ANNE LA MENACE - La déchéance de nationalité a peut-être irrémédiablement fracturé le Parti socialiste. Quand un François Hollande en quête d'unité nationale a proposé d'inclure cette mesure - venue de la droite et de l'extrême droite - dans sa réforme constitutionnelle post-13 novembre, une partie de sa famille politique y a vu un point de non-retour. Certains, comme Christiane Taubira, en ont même quitté le gouvernement. Plusieurs semaines après sa démission, Emmanuel Macron affirme également que cela a pesé dans sa démarche. Anne Hidalgo, elle, ne pouvait pas le faire puisqu'elle n'est pas ministre. Logique. Mais elle a tout de même prévenu le chef de l'État que si le PS soutenait la déchéance, alors elle rendrait sa carte.

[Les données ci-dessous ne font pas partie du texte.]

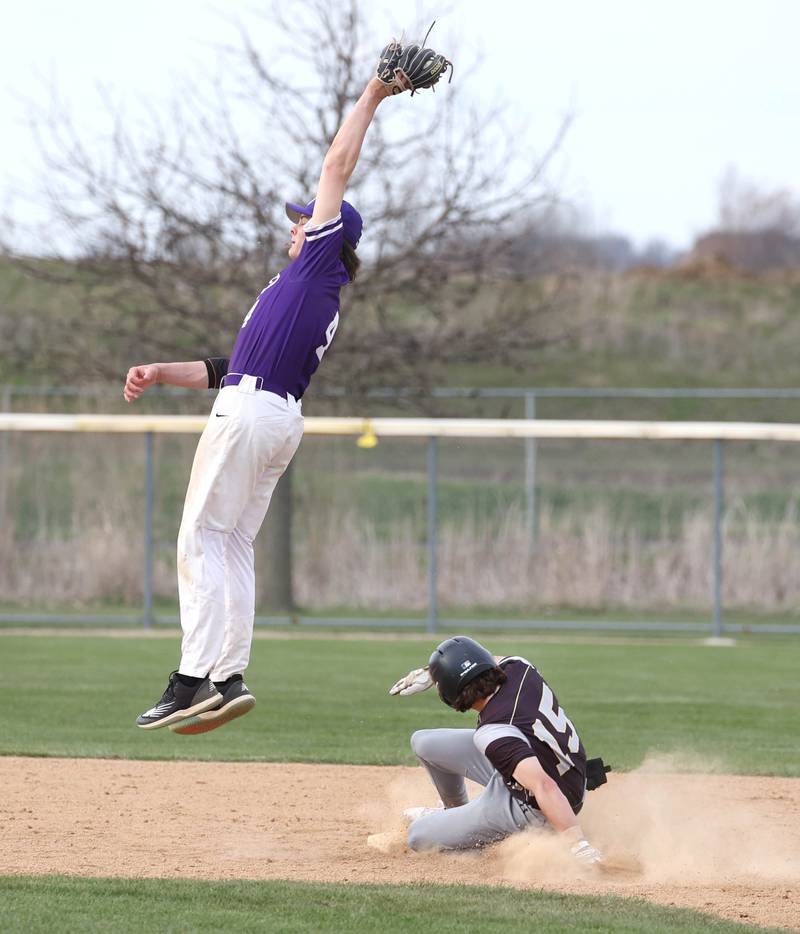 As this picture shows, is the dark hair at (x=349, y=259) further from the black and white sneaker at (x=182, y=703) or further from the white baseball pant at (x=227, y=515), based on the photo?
the black and white sneaker at (x=182, y=703)

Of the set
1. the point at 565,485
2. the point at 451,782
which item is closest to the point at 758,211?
the point at 565,485

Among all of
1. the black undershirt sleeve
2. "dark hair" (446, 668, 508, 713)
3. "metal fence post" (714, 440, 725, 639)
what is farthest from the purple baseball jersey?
"metal fence post" (714, 440, 725, 639)

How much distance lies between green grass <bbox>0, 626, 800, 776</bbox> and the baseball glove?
4.85 metres

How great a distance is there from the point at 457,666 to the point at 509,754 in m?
0.44

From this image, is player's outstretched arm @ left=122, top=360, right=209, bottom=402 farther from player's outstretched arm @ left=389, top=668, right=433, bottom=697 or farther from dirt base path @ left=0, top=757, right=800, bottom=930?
dirt base path @ left=0, top=757, right=800, bottom=930

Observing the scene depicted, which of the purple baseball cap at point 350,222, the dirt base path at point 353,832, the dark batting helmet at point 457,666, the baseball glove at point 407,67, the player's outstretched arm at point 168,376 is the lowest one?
the dirt base path at point 353,832

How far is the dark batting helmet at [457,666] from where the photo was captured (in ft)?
21.5

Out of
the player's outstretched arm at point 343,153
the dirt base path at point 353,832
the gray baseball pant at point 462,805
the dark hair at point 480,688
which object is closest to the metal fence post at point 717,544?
the dirt base path at point 353,832

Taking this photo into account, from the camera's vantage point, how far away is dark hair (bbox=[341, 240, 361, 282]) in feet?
22.4

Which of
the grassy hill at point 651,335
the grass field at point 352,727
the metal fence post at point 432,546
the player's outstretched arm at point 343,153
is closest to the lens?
the grass field at point 352,727

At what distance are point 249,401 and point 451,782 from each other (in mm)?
2156

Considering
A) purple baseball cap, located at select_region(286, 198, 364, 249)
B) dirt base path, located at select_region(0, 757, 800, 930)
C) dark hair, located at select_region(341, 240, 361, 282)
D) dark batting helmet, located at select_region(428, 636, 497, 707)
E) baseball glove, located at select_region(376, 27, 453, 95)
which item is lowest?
dirt base path, located at select_region(0, 757, 800, 930)

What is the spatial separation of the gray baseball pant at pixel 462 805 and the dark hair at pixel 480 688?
417 mm

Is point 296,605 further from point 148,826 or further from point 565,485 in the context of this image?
point 148,826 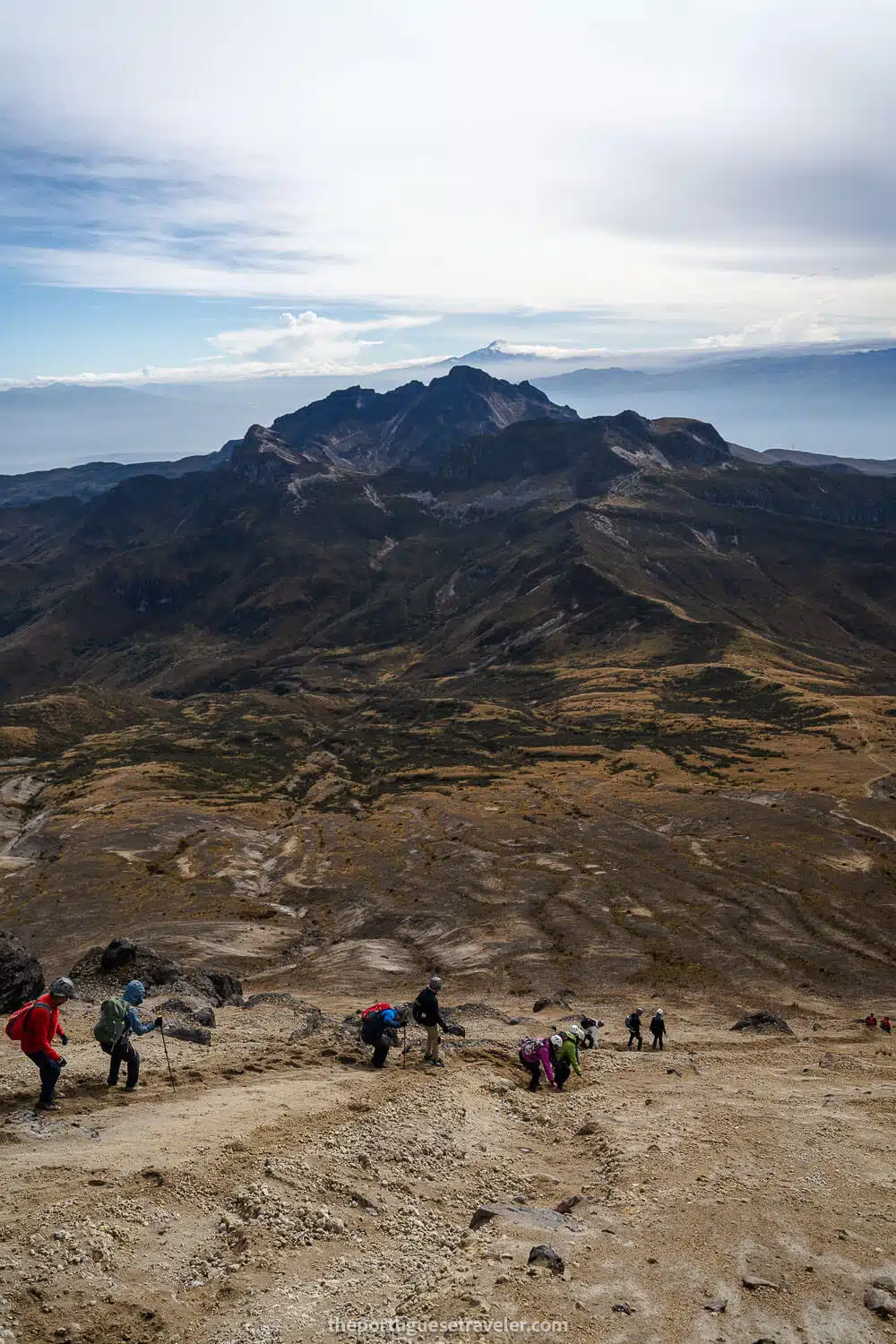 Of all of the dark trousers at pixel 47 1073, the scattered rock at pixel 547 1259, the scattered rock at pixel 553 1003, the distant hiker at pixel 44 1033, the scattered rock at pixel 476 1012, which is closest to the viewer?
the scattered rock at pixel 547 1259

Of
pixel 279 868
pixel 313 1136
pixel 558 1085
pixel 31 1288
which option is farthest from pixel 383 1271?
pixel 279 868

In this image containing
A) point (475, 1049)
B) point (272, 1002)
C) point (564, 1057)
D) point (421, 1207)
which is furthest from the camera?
point (272, 1002)

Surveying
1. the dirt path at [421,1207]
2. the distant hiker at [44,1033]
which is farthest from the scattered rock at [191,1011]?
the distant hiker at [44,1033]

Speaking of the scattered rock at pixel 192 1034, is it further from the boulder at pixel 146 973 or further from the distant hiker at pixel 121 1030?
the boulder at pixel 146 973

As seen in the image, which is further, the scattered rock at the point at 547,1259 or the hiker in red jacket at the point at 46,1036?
the hiker in red jacket at the point at 46,1036

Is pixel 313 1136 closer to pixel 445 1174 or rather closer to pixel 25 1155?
pixel 445 1174

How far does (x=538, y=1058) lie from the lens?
25859 millimetres

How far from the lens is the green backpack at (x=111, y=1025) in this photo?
20.7 meters

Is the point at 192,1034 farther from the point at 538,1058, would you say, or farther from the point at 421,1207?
the point at 421,1207

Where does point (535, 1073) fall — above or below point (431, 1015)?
below

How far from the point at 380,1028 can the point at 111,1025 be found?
8111mm

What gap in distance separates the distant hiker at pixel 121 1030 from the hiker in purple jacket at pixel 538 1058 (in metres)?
11.9

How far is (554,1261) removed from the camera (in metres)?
14.3

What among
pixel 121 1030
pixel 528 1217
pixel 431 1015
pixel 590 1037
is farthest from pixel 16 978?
pixel 528 1217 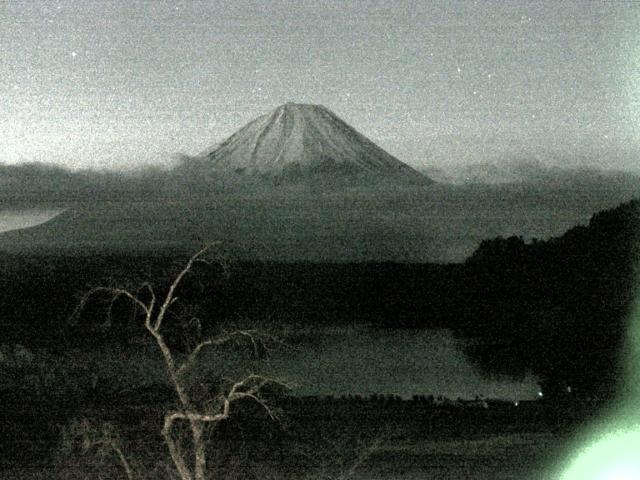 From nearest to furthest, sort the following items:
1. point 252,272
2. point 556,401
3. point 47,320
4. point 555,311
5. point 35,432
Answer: point 35,432
point 556,401
point 555,311
point 47,320
point 252,272

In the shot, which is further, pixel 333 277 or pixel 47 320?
pixel 333 277

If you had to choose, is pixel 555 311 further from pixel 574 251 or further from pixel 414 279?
pixel 414 279

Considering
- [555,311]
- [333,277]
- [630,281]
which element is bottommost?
[333,277]

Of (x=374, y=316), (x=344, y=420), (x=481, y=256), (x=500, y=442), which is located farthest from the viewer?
(x=481, y=256)

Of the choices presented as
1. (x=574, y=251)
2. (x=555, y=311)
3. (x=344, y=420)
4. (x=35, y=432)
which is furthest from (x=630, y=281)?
(x=35, y=432)

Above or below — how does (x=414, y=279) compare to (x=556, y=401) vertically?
below

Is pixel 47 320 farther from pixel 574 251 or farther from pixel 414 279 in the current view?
pixel 414 279

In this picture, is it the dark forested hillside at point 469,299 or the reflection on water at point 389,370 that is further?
the dark forested hillside at point 469,299

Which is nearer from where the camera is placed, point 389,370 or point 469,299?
point 389,370

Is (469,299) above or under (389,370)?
under

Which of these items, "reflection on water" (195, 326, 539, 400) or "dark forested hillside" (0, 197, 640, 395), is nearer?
"reflection on water" (195, 326, 539, 400) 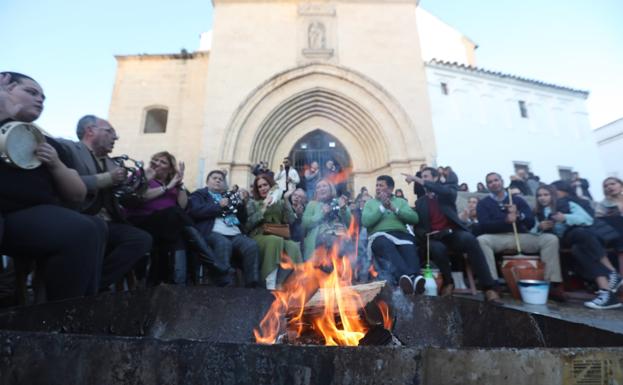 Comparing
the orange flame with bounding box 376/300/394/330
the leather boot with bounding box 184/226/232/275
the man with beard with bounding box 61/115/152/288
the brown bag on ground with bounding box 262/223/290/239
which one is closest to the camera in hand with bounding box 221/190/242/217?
the brown bag on ground with bounding box 262/223/290/239

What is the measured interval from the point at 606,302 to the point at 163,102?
12721 millimetres

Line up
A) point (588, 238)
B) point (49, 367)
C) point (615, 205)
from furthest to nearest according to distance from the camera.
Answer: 1. point (615, 205)
2. point (588, 238)
3. point (49, 367)

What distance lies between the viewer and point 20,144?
1703mm

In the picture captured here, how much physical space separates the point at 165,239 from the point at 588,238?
17.8 ft

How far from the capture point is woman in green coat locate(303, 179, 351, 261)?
4.26m

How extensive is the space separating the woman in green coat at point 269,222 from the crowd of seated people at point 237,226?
16mm

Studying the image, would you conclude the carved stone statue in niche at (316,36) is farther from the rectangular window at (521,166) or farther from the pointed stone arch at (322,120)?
the rectangular window at (521,166)

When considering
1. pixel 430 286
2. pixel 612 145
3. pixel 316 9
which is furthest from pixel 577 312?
pixel 612 145

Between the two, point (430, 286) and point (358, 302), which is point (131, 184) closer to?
point (358, 302)

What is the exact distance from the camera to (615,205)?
4.36 meters

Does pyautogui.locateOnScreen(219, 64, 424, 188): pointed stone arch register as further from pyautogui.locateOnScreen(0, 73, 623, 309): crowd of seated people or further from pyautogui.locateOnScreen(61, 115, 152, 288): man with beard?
pyautogui.locateOnScreen(61, 115, 152, 288): man with beard

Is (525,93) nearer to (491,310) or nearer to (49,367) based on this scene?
(491,310)

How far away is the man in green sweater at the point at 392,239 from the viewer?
379cm

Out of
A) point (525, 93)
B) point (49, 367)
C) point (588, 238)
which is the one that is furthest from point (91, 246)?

La maire de Paris le révèle dans un article de Society, vendredi 30 septembre. Au cours de l'interview, elle "se saisit de son téléphone" et raconte cette scène datant de début décembre 2015 :
"Je lui ai envoyé un petit mot. Je lui ai dit : 'Sur la déchéance de nationalité, si mon parti soutient cette mesure-là, je quitterai ce parti.'
"
C'est finalement l'impossibilité totale de réunir une majorité des 3/5e du Parlement, nécessaire à toute révision de la Constitution, qui forcera le Président à laisser tomber au mois de mars 2016. Et ce malgré le soutien de la frange légitimiste du PS et des ténors pro-Hollande.
Jean-Christophe Cambadélis n'était pas franchement le plus grand fan de la déchéance, notamment parce qu'elle ciblait explicitement les binationaux. Mais sans donner un blanc-seing au gouvernement, le Premier secrétaire du parti a lui aussi tenté de faire aboutir cette réforme, même si on sentait une *petite* gêne chez lui : il reconnaissait certes que l'extension de la déchéance était "discutable" (car "ce n'est pas une valeur, un principe, ou une proposition qui vient de la gauche"), mais il estimait aussi que ce débat n'était "pas indigne". Il avait même présenté ses "excuses" aux Français après l'échec de cette réforme constitutionnelle et l'abandon de la constitutionnalisation de l'état d'urgence à laquelle il était favorable.
On peut donc qualifier cela de "soutien" du parti à cette mesure. Et pourtant, Anne Hidalgo est toujours là. Toujours socialiste certes, mais fort critique. L'élue socialiste se prive rarement de flinguer le gouvernement et son bilan, de détourner avec force ironie le slogan "le changement, c'est maintenant" ou de moquer un Manuel Valls obligé d'en passer par le 49.3 pour faire adopter les lois les plus décriées du quinquennat.
Outre la déchéance de nationalité, Anne Hidalgo voit d'ailleurs dans la loi Travail et la gestion de l'enjeu migratoire deux de ces instants durant lesquels François Hollande et le PS se sont écartés des "valeurs progressistes" qui l'avaient poussée à adhérer en 1995.